Originally from San Juan, Puerto Rico, Ariel came to Valve after finishing studies at the Savannah College of Art and Design. As part of the character design team, he is responsible for creating character models, facial expressions and skeleton deformations. Outside of Valve, he pursues training on traditional art skills such as drawing, painting and sculpting.

Quintin Doroquez - Graphic Designer

"Q!" brings over 10 years of multi-disciplinary graphic design experience to Valve. He has had a creative role in launching print, online, and new media endeavors as a senior art director for Incite PC Gaming magazine, art director for PC Accelerator, and associate art director for PC Gamer. At Valve, you can find Q!'s schedule filled with marketing, packaging, web design, game trailers, .dem file creation, and other visual communications tasks. In his spare time, Q! likes to reminisce about how he was training to be a competitive bodybuilder 14 years ago. Get over it, already!

Mike Dunkle - Director of Café Operations

Mike joined Valve in 2000 after spending 10 years in senior marketing and business development positions in the semiconductor test and embedded software markets. At Valve, Mike is responsible for cybercaf operations, tournaments, educational licensing, and general business development. Mike is an avid soccer player and coach so you will find him spending the few extra hours he has on a pitch somewhere in the world.

Dhabih Eng - Senior Artist

(pronounced ZA-bee)

Dhabih, who's been playing games since he was six years old, has a degree in Interdisciplinary Art from the University of Washington.

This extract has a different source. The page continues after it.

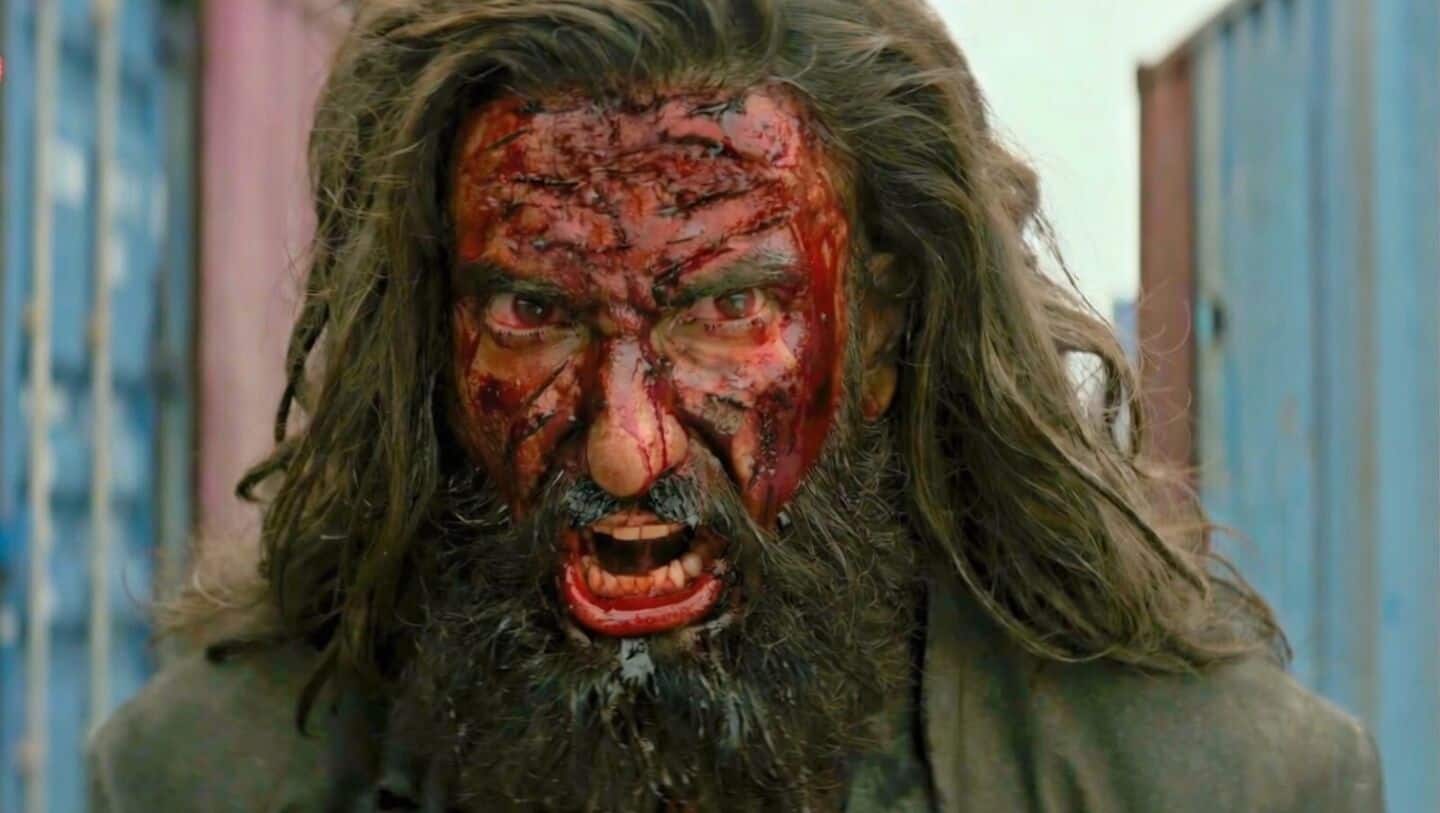 'Dhurandhar 2' India's 1st film ₹1,000cr net in single language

He started making a name for himself by doing freelance design work for gaming magazines (Electronic Gaming Monthly, Official Playstation Magazine, PC Gaming World) while still in school. Dhabih has also done web design and worked on the Quake2 TC pack Zaero from Team Evolve. He started at Valve by doing freelance work in mid-1998, and signed on full-time in early February of 1999. Dhabih is truly a world citizen, having grown up in six different countries (Australia, Macau, Canada, China, Taiwan, and the USA). You can find out more about Dhabih and check out some of his work by visiting his website, http://www.sijun.com/.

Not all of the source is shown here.